The Commission dedicated an entire chapter to the issue of recidivism. That chapter focused on offenders sentenced in 1999 and 2000, years chosen to ensure that the offenses took place using modern technology, but long enough ago that the offenders are now free. The study used arrest records, causing the Commission to caution that it could only comment on known recidivism; it’s unlikely that all re-offenders are caught. Of the 610 offenders who ended up being studied, the Commission found that 70 percent did not re-offend at all. Of the 30 percent who did re-offend, less than a third committed new sex offenses; a total of 7.4 percent of the offenders committed some kind of sexual recidivism and 3.6 percent committed sexual recidivism with contact. Nine of the offenders (4.9 percent of the recidivists) had another conviction for a non-production child pornography crime, while 11 offenders (6 percent of all recidivists) had a contact sex crime.

The Commission also dedicated a chapter to discussing prior criminally dangerous sexual behavior as it affects child pornography offenders. That chapter noted that social scientists have consistently found CDSB—or sexual “precidivism”—pose a greater danger to society. These offenders, the Commission wrote, pose a greater risk of later recidivism than people who committed the same non-production child porn crimes without a precidivism history. A known history of CDSB also makes the offender more likely to have committed past CDSB crimes that were not caught. (Some of this data comes from self-reported crimes, surprisingly, and not all were caught by authorities.) Not surprisingly, people with histories of CDSB got longer sentences than people without, and people with contact offenses in their past got longer sentences than people with a CDSB conviction for child porn.
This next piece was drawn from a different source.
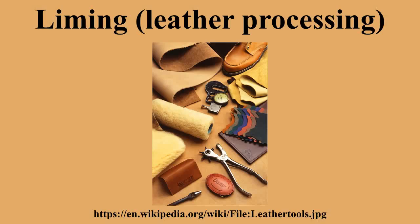Liming is a process used for parchment or leather processing, in which hides are soaked in an alkali solution. It is performed using a drum and paddle or a pit.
The Commission found that the known recidivism rate for child porn offenders was similar to that of offenders in general. The U.S. Justice Department later objected to these conclusions, saying that the data was too limited to form the basis of any recommendation to be the basis for modifying child pornography sentencing. I agree that the data is limited—the Commission itself pointed this out—but I disagree that the best science available should not be the basis for changing the Guidelines. Even prosecutors agree that the current sentencing scheme is broken, creating inconsistent and sometimes disproportionately harsh sentences. To create consistent, just sentencing schemes, we should absolutely use the science we have at hand. If courts have handed down harsh sentences based on the belief that child porn offenders were likely to commit contact sex offenses against children, new evidence should cause them to reconsider.

Based in Miami, Seltzer Law, P.A., represents clients across the United States who are accused of serious cyber crimes, including child pornography crimes. We take client calls 24 hours a day and seven days a week, because we know police and prosecutors don’t stop doing their jobs after business hours. To learn more or set up a free consultation, send us a message online or call toll-free at 1-888-THE-DEFENSE (1-888-843-3333).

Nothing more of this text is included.